Viva Riva!: Score settling in Kinshasa
by Aurore Engelen
12/02/2011 - Kinshasa, the 2000s. This megalopolis of over 10 million inhabitants stretches over tens of kilometres and lacks any credible public transport system. Here, the “oil kings” hold the keys to the city.
Riva returns to his home country after ten years abroad in Angola, flush with a substantial load of the precious black liquid. Flush, but too greedy, and not completely above-board. The oil load doesn’t belong to him entirely. And the mixed-race beauty he tries to seduce is sort-of taken. Hot-headed Riva flouts all the rules about what he shouldn’t do, heedlessly causing chaos.
Last year, the Berlinale for the first time programmed some Congolese films (Congo in Four Acts). These four documentary shorts were produced by Djo Munga, who was in Berlin to present them. While there, he insisted on the need for Africans to face up to the world, not to hide behind a supposed ignorance of their culture, which would explain the absence of their films at major international festivals.

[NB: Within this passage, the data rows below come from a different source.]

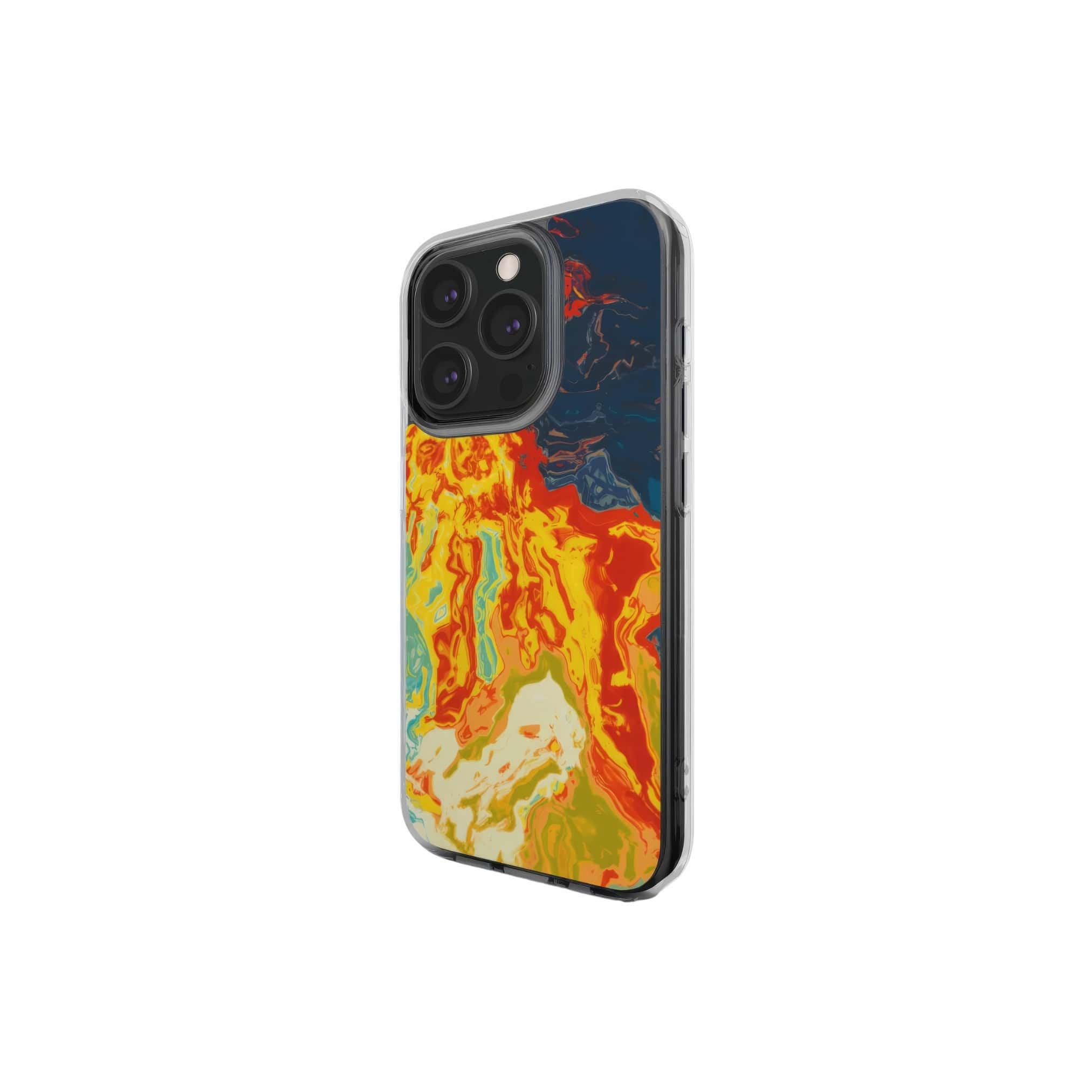 Clear phone case with a bold vivid pattern in marble abstract and artistic style, featuring an elegant and expressive aesthetic design. Main colors are navy deep blue, rich yellow, red and marine blue. Side view.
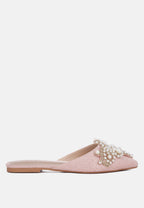  ASTRE Pearl Embellished Shimmer Mules In Blush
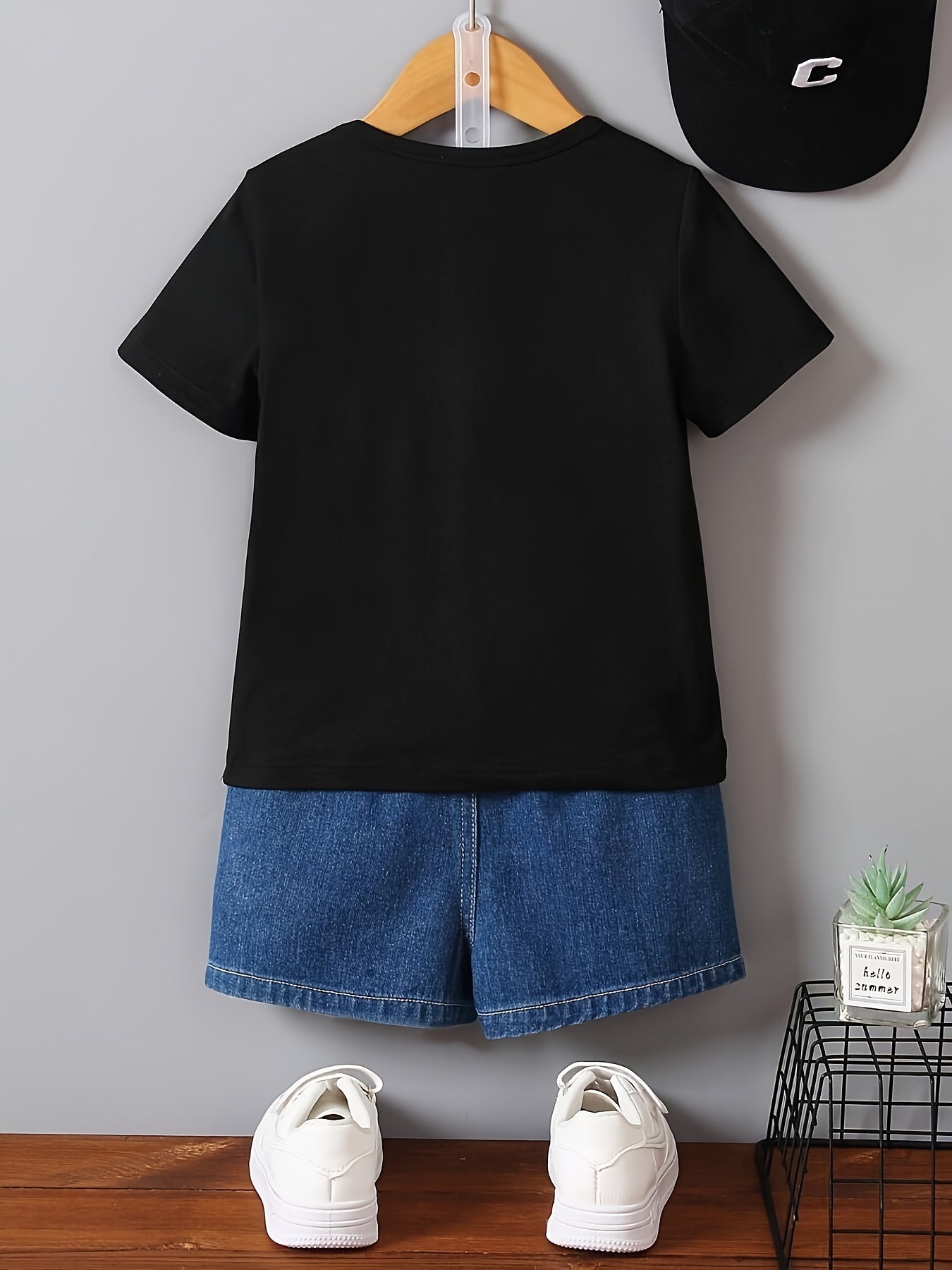 Boys' Casual T-Shirt for Kids Summer Solid Color Crew Neck Polyester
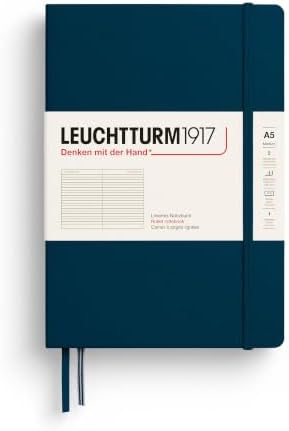 LEUCHTTURM1917 - Notebook Hardcover Medium A5-251 Numbered Pages for Writing and Journaling - Thinking Ahead (Ruled Paper, Deep Sea)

Back at this year’s Berlinale with his debut feature Viva Riva! [trailer] (which attracted attention at Toronto last autumn), he confidently shares the line-up with the cream of world cinema, offering a film full of the different cinematic influences that have fed his imagination, whether they be from Africa, America or Asia. It also recalls Cameroon-born director Jean-Pierre Bekolo’s The Bloodiest, for its daring portrayal of urban amazons. Reminiscent of Nollywood filmmakers in his use of the codes of genre film, Munga brings to the African thriller his fine technical mastery, filming a city saturated with colour, full of commotion and music.
As a graduate of INSAS, it was in Belgium that Munga found producers for his film: Michael Goldberg (MG Productions) and Boris Van Gils (through his French company Formosa). The film received backing from the Belgian French Community Film and Audiovisual Centre, Be TV, and Tax Shelter funds.